The result should be an exact copy of only the lines from the one with "How to display" through the last line of the data below, with pictures omitted.

(Pictures with short captions)
== Segment start ==

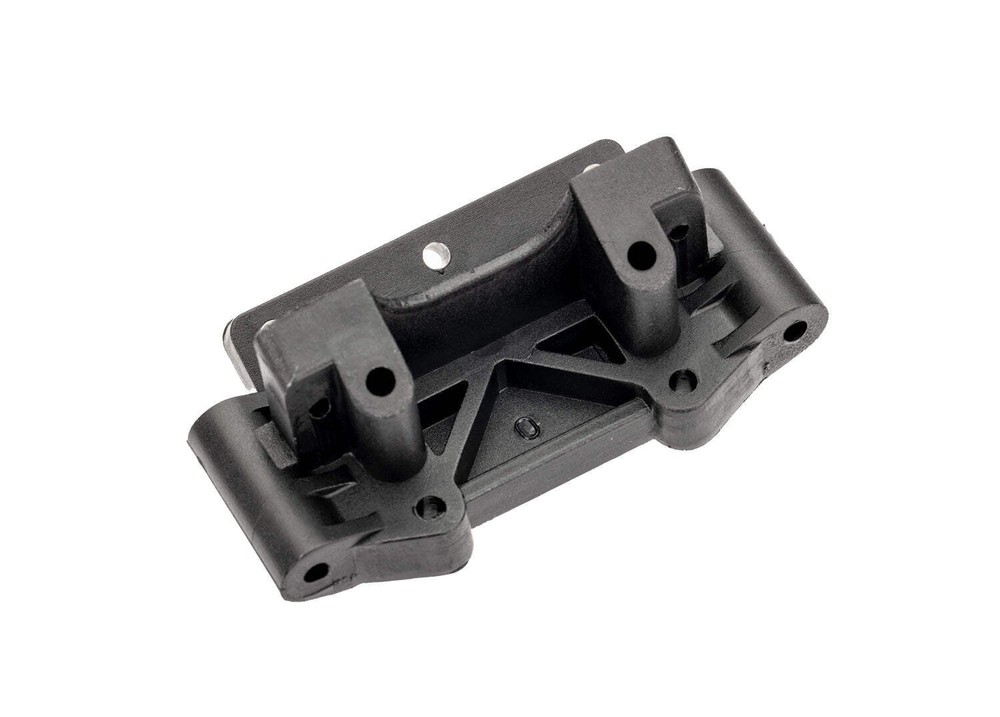 Traxxas Gray Front Bulkhead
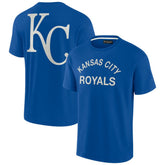 Kansas City Royals Fanatics Unisex Elements Super Soft Short Sleeve T-Shirt - MLB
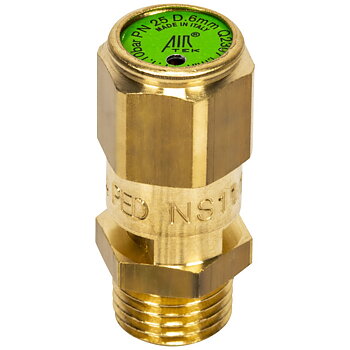 ÖVERTRYCKSVENTIL 1/4" 10BAR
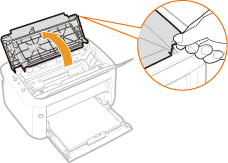 How to display getting started guide hun before installing the printer, read the. How To Replace Toner Cartridges Canon Imageclass Lbp6030w Lbp6030b Lbp6030 User S Guide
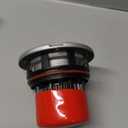 600-220 4x4 Front Wheel Hub Assembly 4WD Manual Locking Hub Fit for Ford F250 F350 F450 F550 Super Duty, Replace BC3Z-3B396-B BC3Z3B396B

== Segment end ==

The answer:
 How to display getting started guide hun before installing the printer, read the. How To Replace Toner Cartridges Canon Imageclass Lbp6030w Lbp6030b Lbp6030 User S Guide
 600-220 4x4 Front Wheel Hub Assembly 4WD Manual Locking Hub Fit for Ford F250 F350 F450 F550 Super Duty, Replace BC3Z-3B396-B BC3Z3B396B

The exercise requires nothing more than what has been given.